• [WHAT TO WORK ON]:
In the listing below, find the line containing "Celine | Pre-Owned" and the line containing "3DM Lifestyle Men's". Repeat exactly those two lines and every line between them.

• [EXTRACTED DATA]:
========

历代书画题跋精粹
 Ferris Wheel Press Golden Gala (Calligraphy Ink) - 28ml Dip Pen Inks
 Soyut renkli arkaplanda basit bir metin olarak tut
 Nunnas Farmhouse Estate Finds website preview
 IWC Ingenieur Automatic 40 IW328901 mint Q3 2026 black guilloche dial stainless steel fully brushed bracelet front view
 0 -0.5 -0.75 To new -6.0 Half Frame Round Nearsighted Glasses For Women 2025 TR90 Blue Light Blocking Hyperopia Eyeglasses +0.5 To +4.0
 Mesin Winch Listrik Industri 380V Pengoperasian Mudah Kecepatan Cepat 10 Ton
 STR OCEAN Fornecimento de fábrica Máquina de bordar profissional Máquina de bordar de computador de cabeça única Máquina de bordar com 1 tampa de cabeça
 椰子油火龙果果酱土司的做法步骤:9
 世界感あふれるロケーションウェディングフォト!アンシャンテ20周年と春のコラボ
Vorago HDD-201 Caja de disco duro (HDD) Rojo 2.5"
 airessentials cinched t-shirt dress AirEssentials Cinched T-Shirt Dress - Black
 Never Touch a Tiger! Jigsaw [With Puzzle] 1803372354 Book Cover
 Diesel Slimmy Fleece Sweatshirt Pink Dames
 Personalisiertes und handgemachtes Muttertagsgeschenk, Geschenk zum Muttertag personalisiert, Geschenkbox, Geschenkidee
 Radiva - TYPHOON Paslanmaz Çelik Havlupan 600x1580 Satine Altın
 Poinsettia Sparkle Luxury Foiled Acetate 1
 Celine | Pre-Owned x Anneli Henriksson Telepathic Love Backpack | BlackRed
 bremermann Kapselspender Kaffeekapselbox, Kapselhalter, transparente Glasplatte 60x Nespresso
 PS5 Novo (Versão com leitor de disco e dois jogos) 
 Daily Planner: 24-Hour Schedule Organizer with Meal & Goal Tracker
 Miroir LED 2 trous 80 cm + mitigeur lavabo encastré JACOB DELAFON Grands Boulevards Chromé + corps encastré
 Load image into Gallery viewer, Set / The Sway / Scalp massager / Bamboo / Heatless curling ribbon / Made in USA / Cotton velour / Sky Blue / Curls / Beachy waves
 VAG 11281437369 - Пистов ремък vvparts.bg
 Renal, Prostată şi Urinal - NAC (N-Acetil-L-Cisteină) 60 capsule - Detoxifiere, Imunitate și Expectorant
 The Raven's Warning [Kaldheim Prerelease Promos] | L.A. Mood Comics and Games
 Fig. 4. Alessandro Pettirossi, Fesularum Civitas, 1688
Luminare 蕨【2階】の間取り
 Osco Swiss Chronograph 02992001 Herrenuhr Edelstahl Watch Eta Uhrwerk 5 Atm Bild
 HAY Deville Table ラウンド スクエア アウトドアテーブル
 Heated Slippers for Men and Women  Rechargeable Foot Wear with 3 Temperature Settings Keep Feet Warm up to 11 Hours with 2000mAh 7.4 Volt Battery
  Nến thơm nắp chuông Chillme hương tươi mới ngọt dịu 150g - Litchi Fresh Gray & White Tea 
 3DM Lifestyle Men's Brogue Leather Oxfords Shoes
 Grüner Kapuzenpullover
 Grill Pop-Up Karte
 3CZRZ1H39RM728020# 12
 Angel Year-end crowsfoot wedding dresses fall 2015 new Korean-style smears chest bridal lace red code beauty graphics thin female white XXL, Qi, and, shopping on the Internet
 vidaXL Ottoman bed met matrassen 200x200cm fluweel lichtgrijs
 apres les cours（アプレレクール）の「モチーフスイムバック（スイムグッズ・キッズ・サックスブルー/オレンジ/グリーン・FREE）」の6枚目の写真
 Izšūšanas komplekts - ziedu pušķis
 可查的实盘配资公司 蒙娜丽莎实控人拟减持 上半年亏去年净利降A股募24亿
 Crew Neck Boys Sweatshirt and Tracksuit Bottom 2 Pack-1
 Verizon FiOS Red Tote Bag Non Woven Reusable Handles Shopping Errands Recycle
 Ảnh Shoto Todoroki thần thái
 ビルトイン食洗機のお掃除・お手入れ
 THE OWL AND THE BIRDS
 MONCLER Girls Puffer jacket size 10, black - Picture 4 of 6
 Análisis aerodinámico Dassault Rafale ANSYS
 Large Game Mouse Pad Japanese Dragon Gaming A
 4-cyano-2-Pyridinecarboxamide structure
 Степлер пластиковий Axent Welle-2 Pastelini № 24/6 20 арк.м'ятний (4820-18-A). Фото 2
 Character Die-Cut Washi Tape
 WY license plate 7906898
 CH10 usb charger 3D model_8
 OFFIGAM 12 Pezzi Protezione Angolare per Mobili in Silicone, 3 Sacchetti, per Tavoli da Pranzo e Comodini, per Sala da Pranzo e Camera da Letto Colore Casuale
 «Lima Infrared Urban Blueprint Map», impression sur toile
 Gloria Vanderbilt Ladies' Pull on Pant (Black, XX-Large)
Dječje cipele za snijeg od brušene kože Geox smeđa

========

• [REPLY TO THE EXERCISE]:
 Celine | Pre-Owned x Anneli Henriksson Telepathic Love Backpack | BlackRed
 bremermann Kapselspender Kaffeekapselbox, Kapselhalter, transparente Glasplatte 60x Nespresso
 PS5 Novo (Versão com leitor de disco e dois jogos) 
 Daily Planner: 24-Hour Schedule Organizer with Meal & Goal Tracker
 Miroir LED 2 trous 80 cm + mitigeur lavabo encastré JACOB DELAFON Grands Boulevards Chromé + corps encastré
 Load image into Gallery viewer, Set / The Sway / Scalp massager / Bamboo / Heatless curling ribbon / Made in USA / Cotton velour / Sky Blue / Curls / Beachy waves
 VAG 11281437369 - Пистов ремък vvparts.bg
 Renal, Prostată şi Urinal - NAC (N-Acetil-L-Cisteină) 60 capsule - Detoxifiere, Imunitate și Expectorant
 The Raven's Warning [Kaldheim Prerelease Promos] | L.A. Mood Comics and Games
 Fig. 4. Alessandro Pettirossi, Fesularum Civitas, 1688
Luminare 蕨【2階】の間取り
 Osco Swiss Chronograph 02992001 Herrenuhr Edelstahl Watch Eta Uhrwerk 5 Atm Bild
 HAY Deville Table ラウンド スクエア アウトドアテーブル
 Heated Slippers for Men and Women  Rechargeable Foot Wear with 3 Temperature Settings Keep Feet Warm up to 11 Hours with 2000mAh 7.4 Volt Battery
  Nến thơm nắp chuông Chillme hương tươi mới ngọt dịu 150g - Litchi Fresh Gray & White Tea 
 3DM Lifestyle Men's Brogue Leather Oxfords Shoes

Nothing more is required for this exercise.